Parshas Shemos: 5786 Common is not Normal
Torah Parallels
Parshas Shemos
לעילוי נשמת האדא בת מרדכי
Common is not Normal
The Torah (Shemos 2:11) tells us, “...וַיֵּצֵא אֶל־אֶחָיו וַיַּרְא בְּסִבְלֹתָם...”, Moshe went out to B’nei Yisroel and saw their burdens. Rashi (based on Medrash Shemos Rabbah) emphasizes that Moshe did more than notice their hardship; he fully empathized, feeling their pain as if it were his own, as a nosei b’ol im chaveiro; he literally felt the pain that they were going through. This profound empathy, which we see repeatedly in the parsha and throughout Moshe’s life, enabled Moshe to understand B’nei Yisroel deeply and to assume the role of their premier advocate, remaining steadfast through every challenge.
This middah of empathy, though, was certainly not unique to Moshe. The Torah (Shemos 5:14) describes the Egyptian taskmasters beating the Jewish guards for failing to enforce quotas. Rashi notes that these overseers, themselves Jewish, refused to increase the suffering of their fellow brothers. Instead, they accepted punishment themselves. Rashi adds that because of this rachamim that they demonstrated, these guards were chosen to later be the members of the Sanhedrin. Here too, empathy is evident, so what sets Moshe apart? How is Moshe’s seeing B’nei Yisroel’s burden different from the guards’ bravery of accepting punishment instead of carrying out their tasks?
The Seforno (Shemos 2:11) explains with a seemingly subtle shift from Rashi, but perhaps together we could understand the depth of Moshe’s greatness. The Seforno simply writes that “Moshe focused to see the burdens of his brothers”. Unlike Rashi who emphasizes his emotional empathy, the Seforno highlights the effort of Moshe’s observation itself. What does the Seforno mean by this? What effort was needed for Moshe to simply see what was right in front of him?
Let’s take a step and remember what was happening at the time in Mitzrayim. Before Moshe was even born, conditions in Mitzrayim were steadily worsening. B’nei Yisroel were enslaved under harsh labor, Pharaoh repeatedly ordered to increase the workload, and the decree was in place that all Jewish boys be thrown into the Nile. It is within this context that Moshe was born and raised. For Moshe, this was the environment he grew up in. It would have been easy to accept the cruelty as “normal”. Yet Moshe recognized that what was common was not normal. Slavery, cruelty, and injustice were aberrations, not realities to be accepted. This refusal to normalize what was commonplace and to then empathize within that perspective, is a demonstration of Moshe’s ability to perceive the bigger picture, the essence of K’lal Yisroel, and see suffering that others may have grown blind or accustomed to.

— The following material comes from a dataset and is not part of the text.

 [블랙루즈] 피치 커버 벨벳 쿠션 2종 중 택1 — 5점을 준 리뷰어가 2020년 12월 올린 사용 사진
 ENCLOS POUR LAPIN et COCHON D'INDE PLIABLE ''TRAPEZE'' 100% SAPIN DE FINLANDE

In January 1986, the Space Shuttle Challenger disintegrated 73 seconds after launch, killing everyone on board. While the technical cause was a flaw in the O-rings, the deeper issue was the normalization of danger. Engineers had repeatedly observed a dangerous flaw in the shuttle’s O-rings, but in each simulation the shuttle survived. Over time, the flaw became common, routine, and unremarkable, until catastrophe struck. Sometimes a fatal flaw could be looking at you square in the face, but with experience of it not proving to be fatal, even if the danger is real, it is easy to get sucked in to thinking that “common is the new normal”. Sociologist Diane Vaughan coined the term “Normalization of Deviance” to describe the calamity. This is what Moshe was able to break. Moshe’s greatness was that he never allowed the abnormal to become normal, he was able to identify the abnormal for what it truly was, even when it was common.
Leadership, and particularly of B’nei Yisroel, requires combining perception with empathy. Sympathy is one thing, empathy is deeper, but greatness lies in perceiving and remaining steadfast to the principles of truth and refusing the common to influence an understanding of what emes is.

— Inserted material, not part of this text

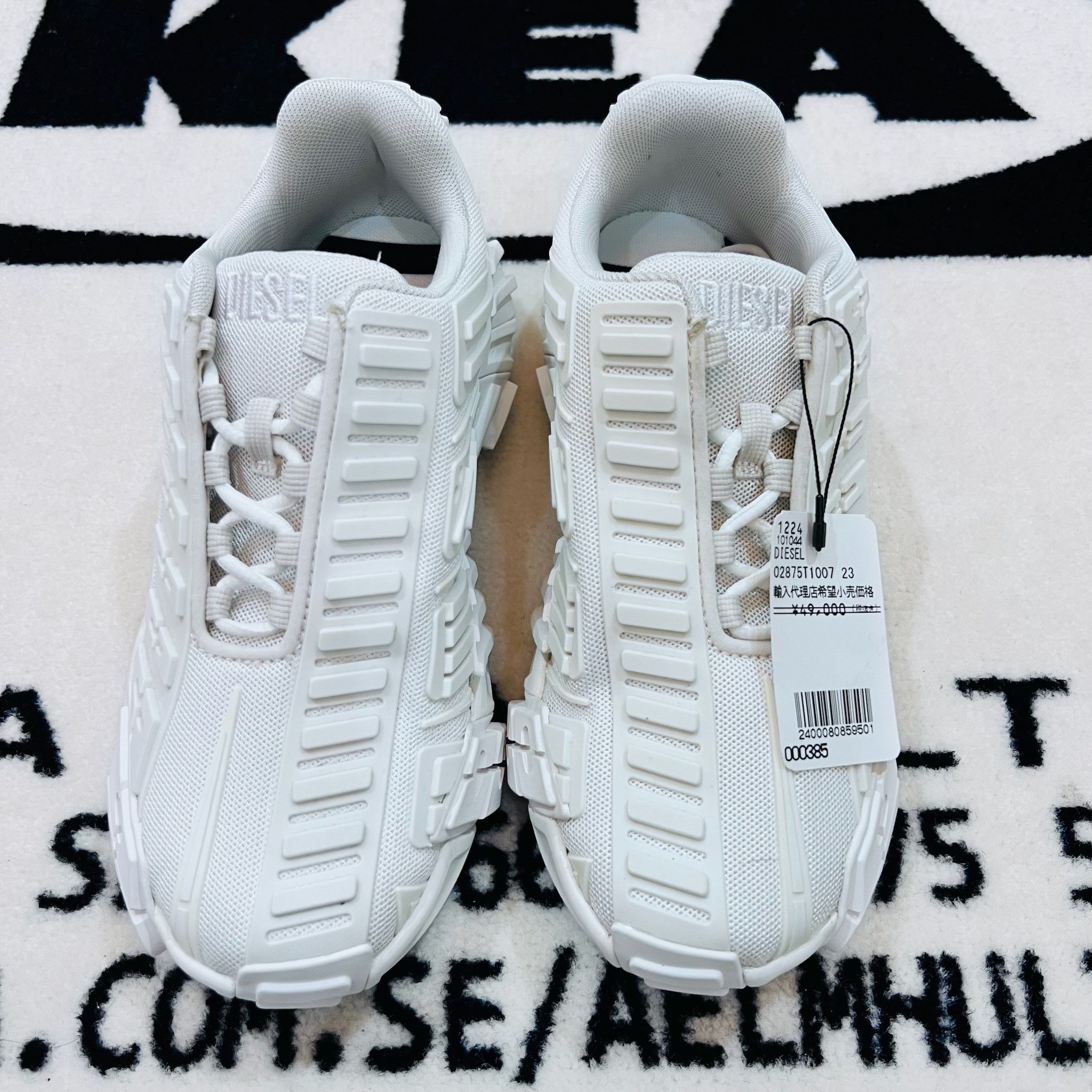 Diesel Diesel S Prototype Low-top White & Cream Sneakers Shoes Size US 6 / IT 36 - 2 Thumbnail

In the same way that we must battle to resist the common to define normal, we must also celebrate and cherish what is truly normal and be proud to be the gatekeepers of what is principally true. The Medrash (Yalkut Shimoni) teaches that B’nei Yisroel merited geulah (redemption) from Mitzrayim because they didn’t change their names, language, avoided lashon harah, and refrained from arayos, despite years of Egyptian influence and forced labor. The B’nei Yisroel upheld their core identity and values, those of Avraham, Yitzchak, Yaakov, and the Shevatim, and remained committed to a higher purpose of kedusha. Their steadfastness shows the importance of protecting what is normal in a world of common, and the foundation of the grit needed to keep the Torah through millennia of galus and outside influence.
May Hashem help us resist the pull and allure of the common, so that like Moshe rabbeinu we can consciously pause, see, and act in alignment with what is right and truly normal.